Parsing citable texts

Published

June 14, 2024

An example using the CitablePassage and Orthography packages

The CitablePassage type from the Julia CitableCorpus package represents a passage of citable text with a URN identifier and a string value.

using CitableText, CitableCorpus
s = "Four score and seven years ago..."
psgurn = CtsUrn("urn:cts:parserdocs:example.docs.v1:1")
cpsg = CitablePassage(psgurn, s)
<urn:cts:parserdocs:example.docs.v1:1> Four score and seven years ago...

The tokenize function in the Julia Orthography package includes a method for tokenize CitablePassages. This creates a series of CitableTokens.

Citable tokens

See this tutorial for a hands-on introduction to tokenizing citable texts with the Orthography package.

using Orthography
orthosystem = simpleAscii()
tokenizedpassages = tokenize(cpsg, orthosystem)
7-element Vector{CitableToken}:
 <urn:cts:parserdocs:example.docs.v1_tokens:1.1> Four (LexicalToken)
 <urn:cts:parserdocs:example.docs.v1_tokens:1.2> score (LexicalToken)
 <urn:cts:parserdocs:example.docs.v1_tokens:1.3> and (LexicalToken)
 <urn:cts:parserdocs:example.docs.v1_tokens:1.4> seven (LexicalToken)
 <urn:cts:parserdocs:example.docs.v1_tokens:1.5> years (LexicalToken)
 <urn:cts:parserdocs:example.docs.v1_tokens:1.6> ago (LexicalToken)
 <urn:cts:parserdocs:example.docs.v1_tokens:1.6a> ... (PunctuationToken)

Each citable token has defined a new citable passage, with a single token for the text value.

tokenizedpassages .|> passage
7-element Vector{CitablePassage}:
 <urn:cts:parserdocs:example.docs.v1_tokens:1.1> Four
 <urn:cts:parserdocs:example.docs.v1_tokens:1.2> score
 <urn:cts:parserdocs:example.docs.v1_tokens:1.3> and
 <urn:cts:parserdocs:example.docs.v1_tokens:1.4> seven
 <urn:cts:parserdocs:example.docs.v1_tokens:1.5> years
 <urn:cts:parserdocs:example.docs.v1_tokens:1.6> ago
 <urn:cts:parserdocs:example.docs.v1_tokens:1.6a> ...

The tokenizer has also extended the canonical citation of passages of text to refer to individual tokens.
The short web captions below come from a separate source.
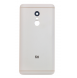 Xiaomi Redmi Note 4 Batterilucka - Gyllene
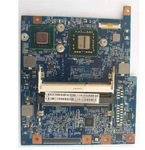 Acer Aspire 4810 4810T 5810T 08266-2 SU2700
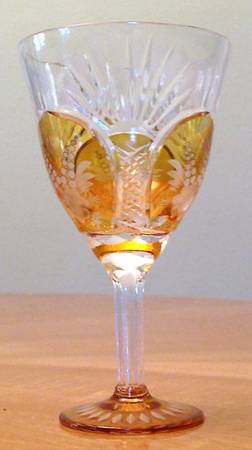 UNK12987 by Unknown Manufacturer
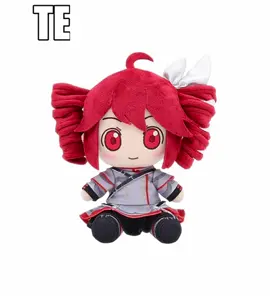 Enigma inspirowanee #gimper #gimpson #teto #kasane #cover #bombsitea #vocaloid #utauloid #polish #polski 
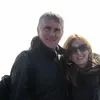 Joan Coye - @joancoye1 - TikTok
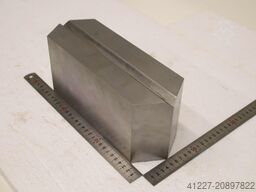 unbekannt 100/120 mm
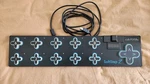 Keith Mcmillen Softstep 2 Midi Foot Controller. Fixed Price $304.46.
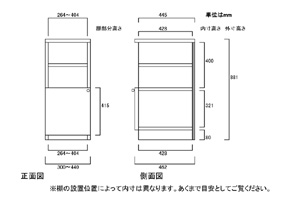 Ԏ[ ؐI WWDPRO`SSsSUIiI2.5cmj@@}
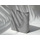 Сумка для шопинга Carryme 140 хлопковая, 140 г/м2, белый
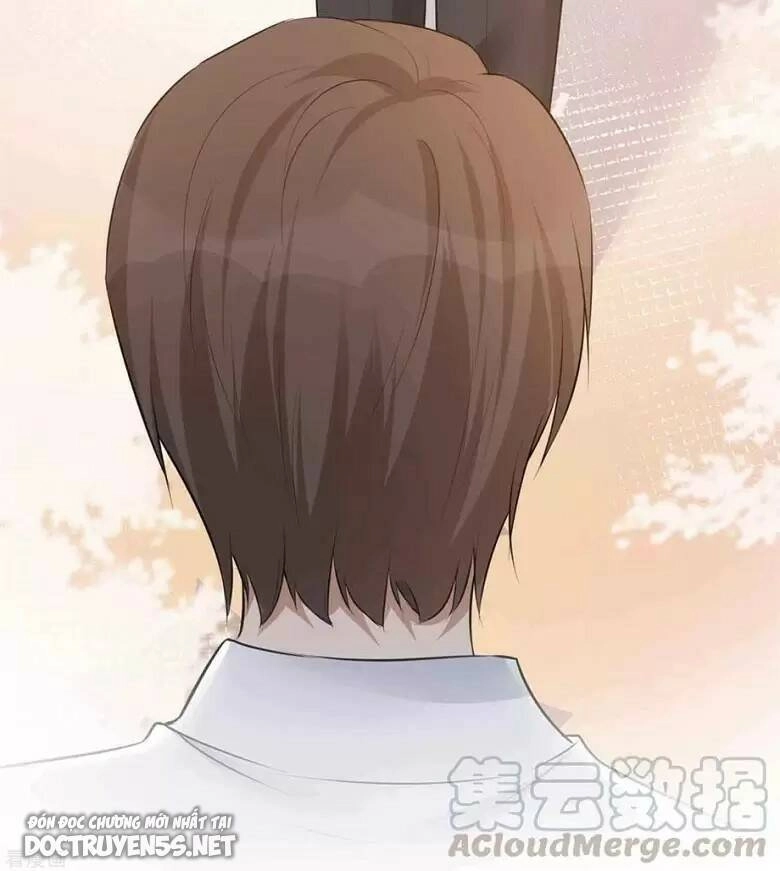 Phim Giả Làm Thật Chapter 99 - 30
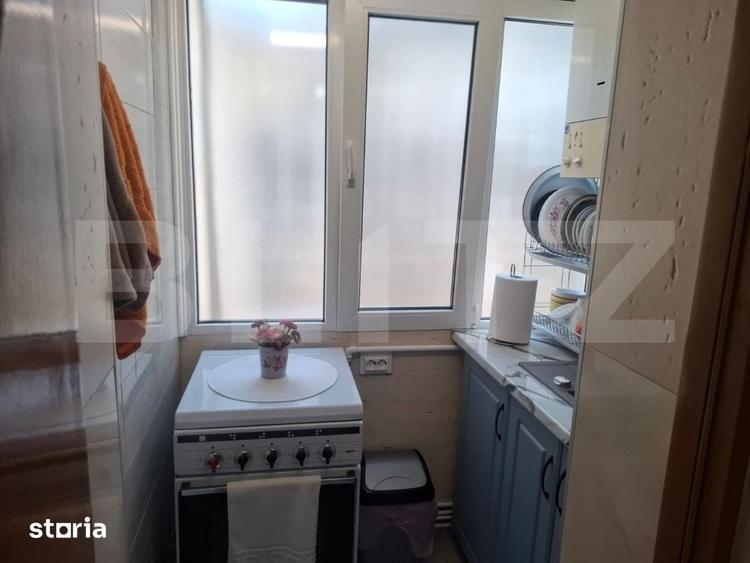 Apartament superb de vanzare! - 5
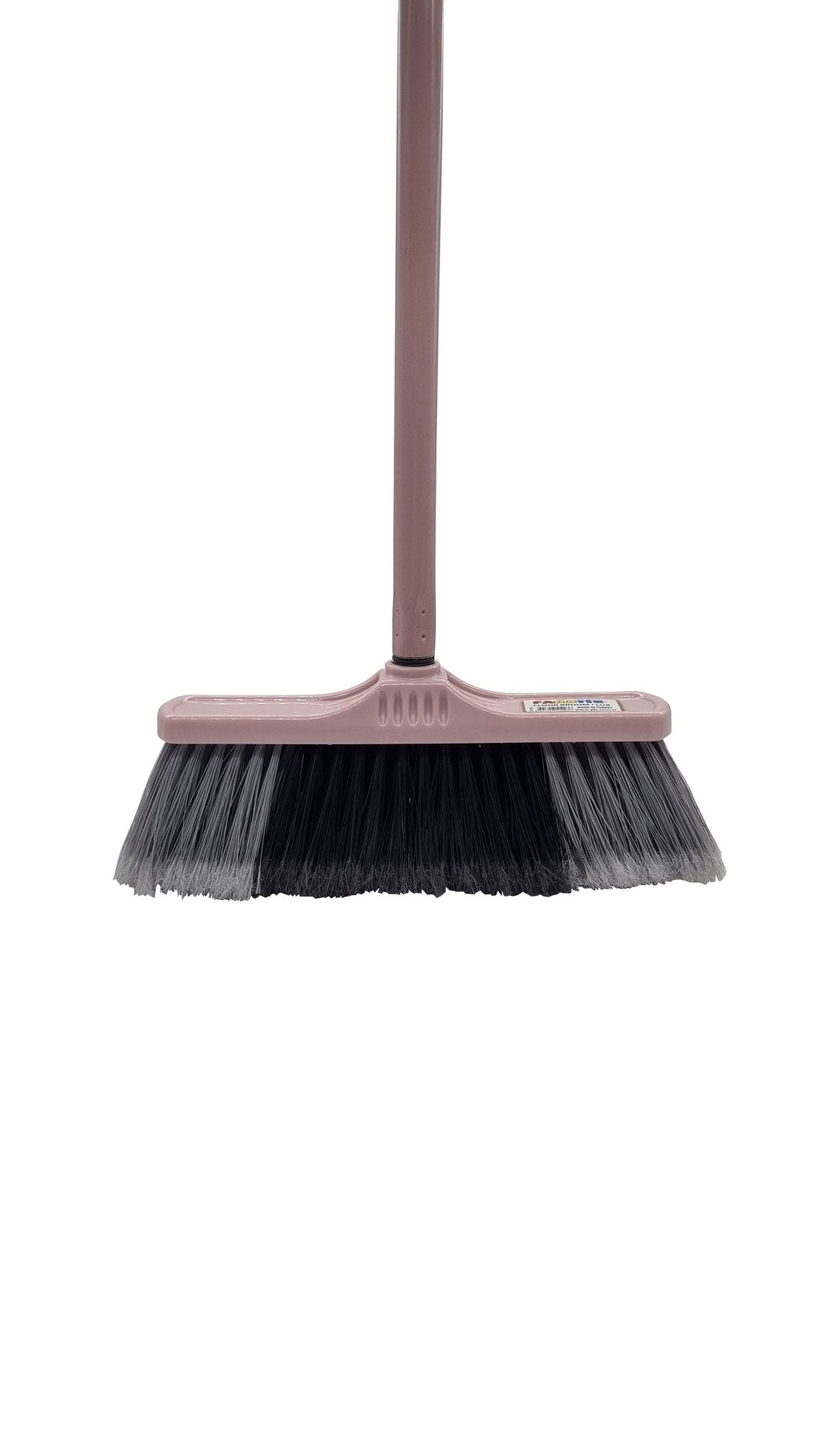 Seprűfej és Fém Seprünyél 120Cm YF252-711 - H&H Home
The entire passage had a passage component with a single level of citation (1); the tokens are cited at two levels (1.1, etc.)

Each of these citable passages is assigned a tokencategory.

tokenizedpassages .|> tokencategory
7-element Vector{TokenCategory}:
 LexicalToken()
 LexicalToken()
 LexicalToken()
 LexicalToken()
 LexicalToken()
 LexicalToken()
 PunctuationToken()